At some point in third year of collage I was given a rather open ended assignment for android programming, and decided that what I wanted to make was a network multiplayer game.

Chess was chosen for a couple of reasons. The rules are common knowledge, which means no tutorial should be necesseary or if one is required, there are near limitless resources already available. The game has been public domain since before copyright even existed, so no fear of retribution from the game's original creator. The rules are complicated enough to be a challenge, but simple enough to complete within the project's deadline, which from the commit timeline seems to have been about a month and a half. Finally it comes with it's own premade audience, as chess is played around the world by millions of people.

Successes

The project was delivered on time.

The reason for the network game thing is because network programming was being covered in another module at the time and I could not resist the opertunity to put everything I was learning into one cohesive project. I also developed a HTTPAPI using flask like in cloud computing with a MongoDB backend which is what we were doing at the time in databases. Four of the six modules I completed that semester have some representation in this project, making it a testament to everything I was learning, not just android programming. The work I put into this project earned me a final year project supervisor who took an active interest in my FYP before he even knew what I was going to make. Looking back it's probably done more for me than anything I've ever made. And I don't even like chess.

I had a lot of fun designing the chess sets. The style I was going for was the imps seen on zero punctuation, and I think that left me with some pretty pieces indeed.

Quirks

Well of course not everything went perfectly. There were some bugs, which I'll here address.

The submission version does not in fact work because shortly beyond it's release google amended android's security policy, that all http requests in an application must use HTTPS, which I knew how to do, but did not do because of the additional effort required.

There are three rules of chess that are so fringe that an outsider like myself should be forgiven for knowing them not. The first is promotion. When a pawn reaches the far side of the board, it may be exchanged for a rook, bishop, knight or queen. (guess which one the player will choose 99% of the time. Bonus points for guessing which one covers the other 1%) I was aware of this mechanic and had coded accordingly. The second of these rules is a move called castling or alternatively rooking. If the king and rook are on their first turn, and there are no pieces betwixt them, the king and rook may both be moved to specific spaces. Of this mechanic I was also aware. What I was not aware of is that if either piece would be in danger on any space during the manouver or if the king begins in check, the manouver is illegal. So that works that way. The final mechanic is known as en passant. This move is so circumstantial that I was surprised the chess enthusiast who informed me of it's existance knew of it. This was never implemented. The project had already been demonstrated before that conversation took place (I lost).
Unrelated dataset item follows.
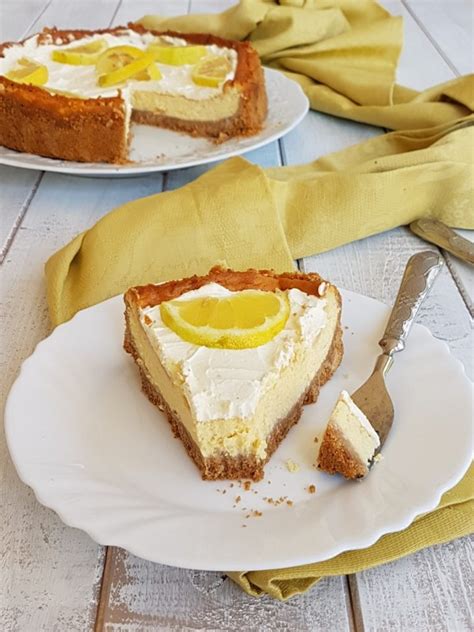 Scopri ricette, idee per la casa, consigli di stile e altre idee da provare. CHEESECAKE LIMONE E MASCARPONE AL FORNO ricetta torta facile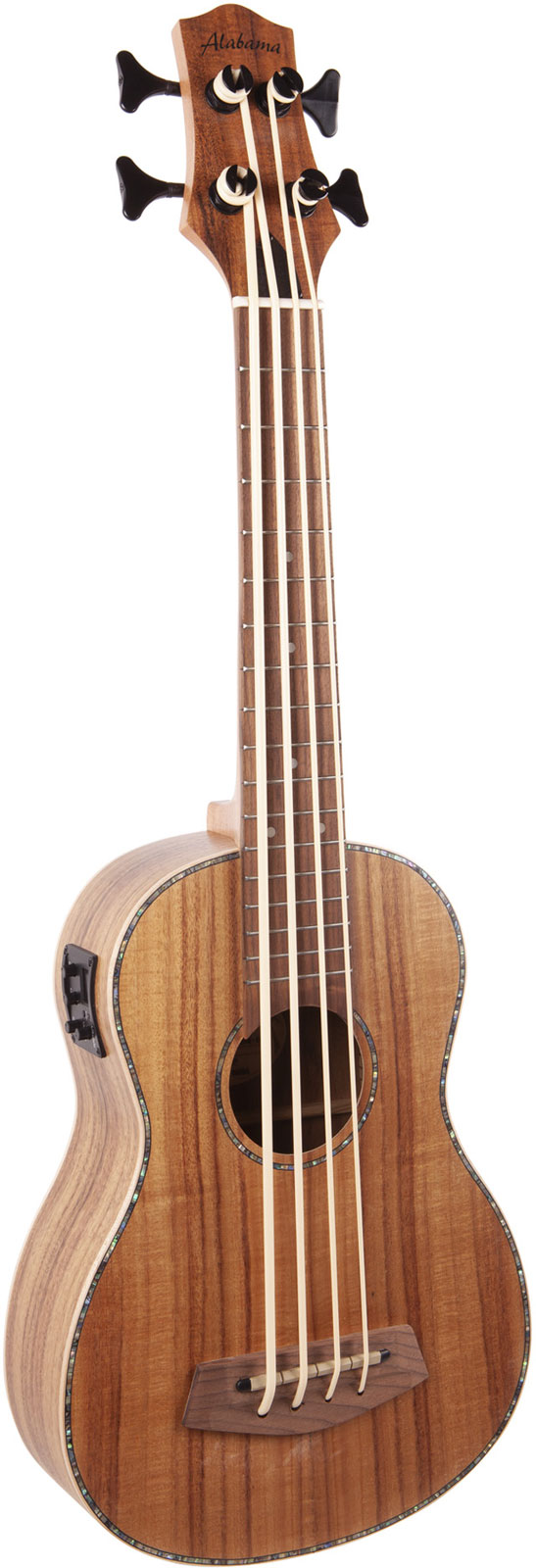 ALABAMA Ukulele Basse Alabama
This is a perfect example of the dunning kruger effect in action.

Special Thanks

Special thanks to David Leonard, Jaime Walsh and Jack, all of whom are better chess players than I am.

Building Instructions

Good question. Run version.py and open android studio. The project should build from there. You will need a server and httpapi running. The server requires a java virtual machine to run. The httpapi was built for a version of python 3. I can't remember the subversion and if you get it wrong bcrypt will throw a tantrum. This is why you don't write the documentation having not touched the program for over a year.